Minnesota returned to active service after the United States declared war on Germany on 6 April 1917, entering World War I. She was assigned to Division 4 of the Battleship Force, based at Tangier Sound in Chesapeake Bay. She spent the war as a training ship for gunners and engine room personnel. During this time, Vice Admiral Albert W. Grant, the commander of Battleship Force 1, instituted a program to reinforce the bulkheads of the ships under his command. This improved their ability to absorb underwater damage and remain afloat. On 29 September 1918, while cruising off Fenwick Island with the destroyer , she struck a naval mine that had been laid by the U-boat U-117, which inflicted serious damage but caused no casualties. The explosion tore a gaping hole in the hull from frame 5 to frame 16, and from the keel to the bottom edge of the armor belt. The bow flooded, but the repaired bulkheads prevented the flooding from spreading. Reduced to a speed of 10 kn, Minnesota made it back to the Philadelphia Navy Yard where repairs were effected. The work lasted for five months, by which time Germany had signed the Armistice that ended the war.

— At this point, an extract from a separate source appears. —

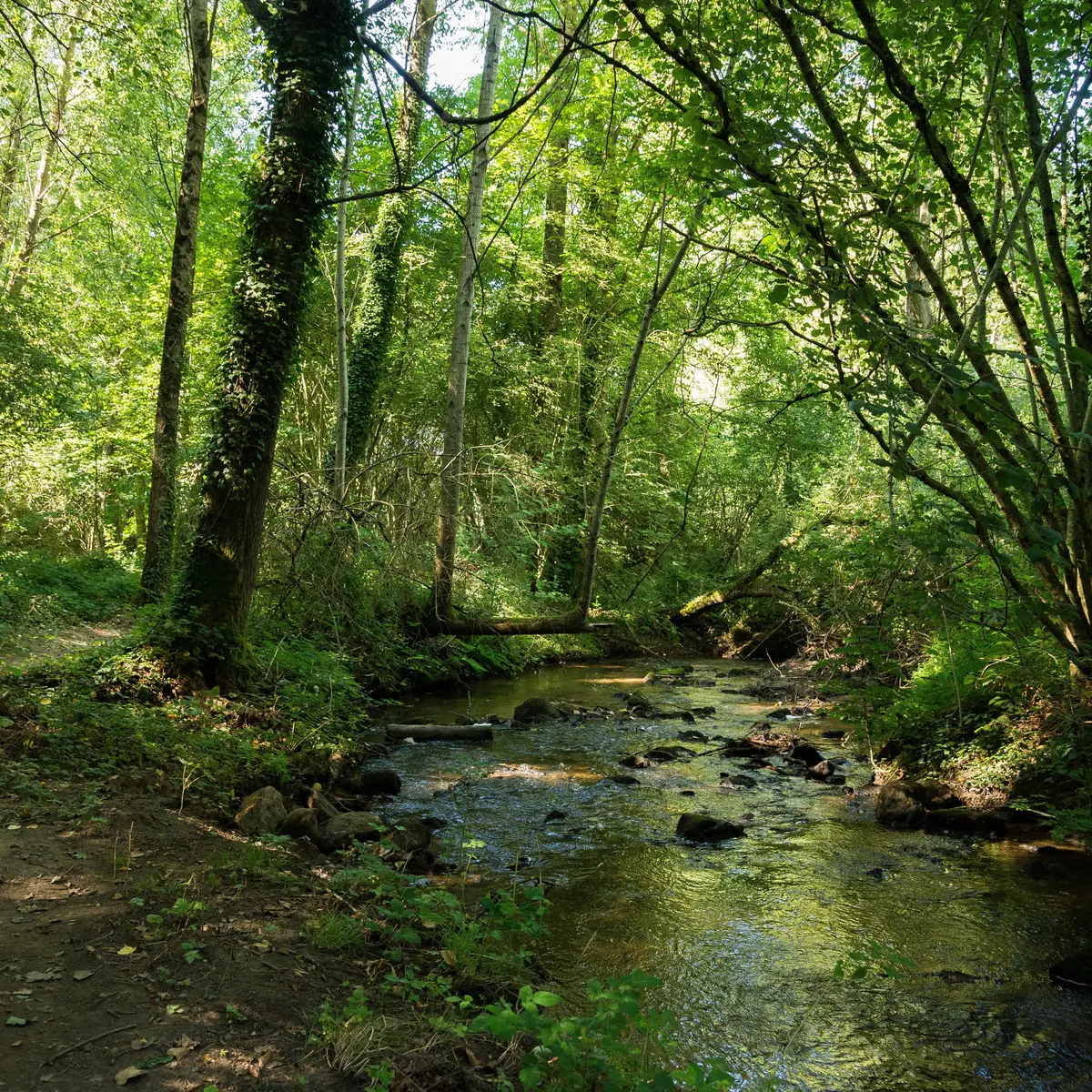 sentier Lancelot au pays de Lassay
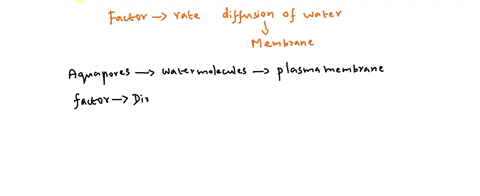 some-cells-express-aquaporin-proteinsthey-are-channel-proteins-that-facilitate-the-flow-of-water-molecules-through-the-plasma-membrane-what-regulates-the-rate-and-direction-of-water-diffusio-28139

On 11 March 1919, Minnesota returned to service with the Cruiser and Transport Force, making three trips to Brest, France to bring American soldiers back from the battlefields of Europe. In the course of the voyages, she brought back over 3,000 men; this duty ended on 23 July. The ship spent the next two years as a training ship for midshipmen from the US Naval Academy. She conducted two summer cruises in 1920 and 1921 before being decommissioned on 1 December 1921. She was stricken from the Naval Vessel Register the same day and was sold for scrap on 23 January 1924. Minnesota was thereafter broken up for scrap at the Philadelphia Navy Yard.